▶ Task to carry out
Return the listing below verbatim. Pictures do not belong in the copy.

▶ Supplied material
——

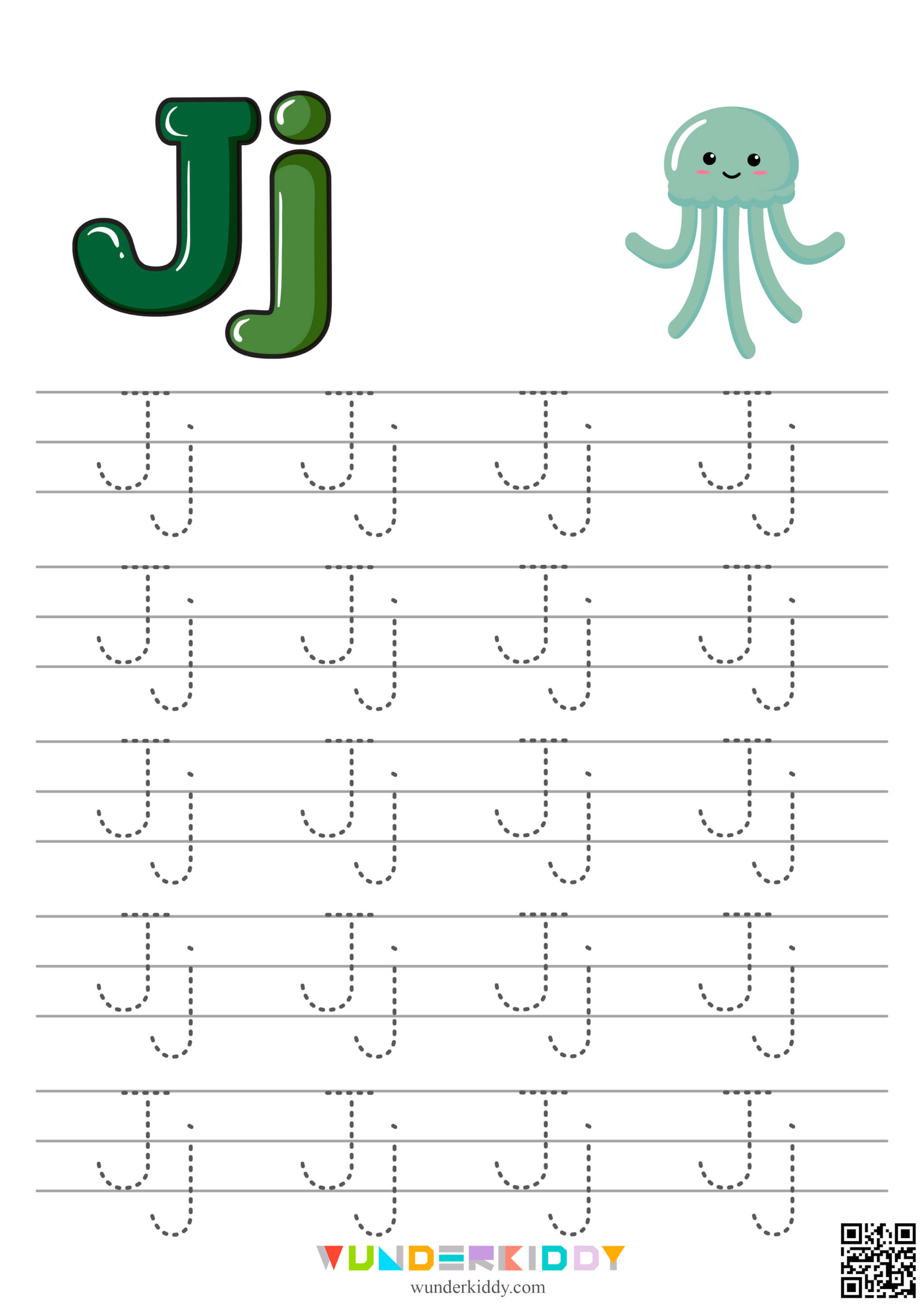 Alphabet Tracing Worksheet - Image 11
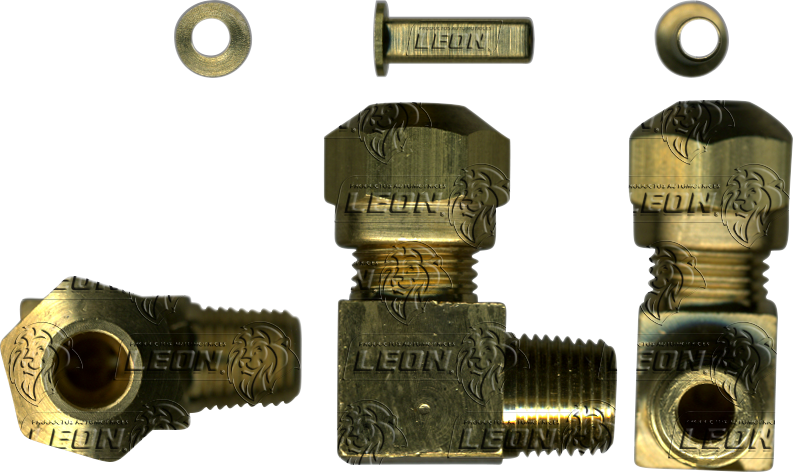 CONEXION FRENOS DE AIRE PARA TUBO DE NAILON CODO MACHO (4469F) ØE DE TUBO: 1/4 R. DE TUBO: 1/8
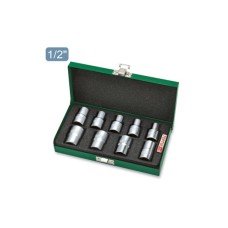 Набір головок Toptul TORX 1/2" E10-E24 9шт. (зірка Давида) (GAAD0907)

——

▶ Your solution
 Alphabet Tracing Worksheet - Image 11
 CONEXION FRENOS DE AIRE PARA TUBO DE NAILON CODO MACHO (4469F) ØE DE TUBO: 1/4 R. DE TUBO: 1/8
 Набір головок Toptul TORX 1/2" E10-E24 9шт. (зірка Давида) (GAAD0907)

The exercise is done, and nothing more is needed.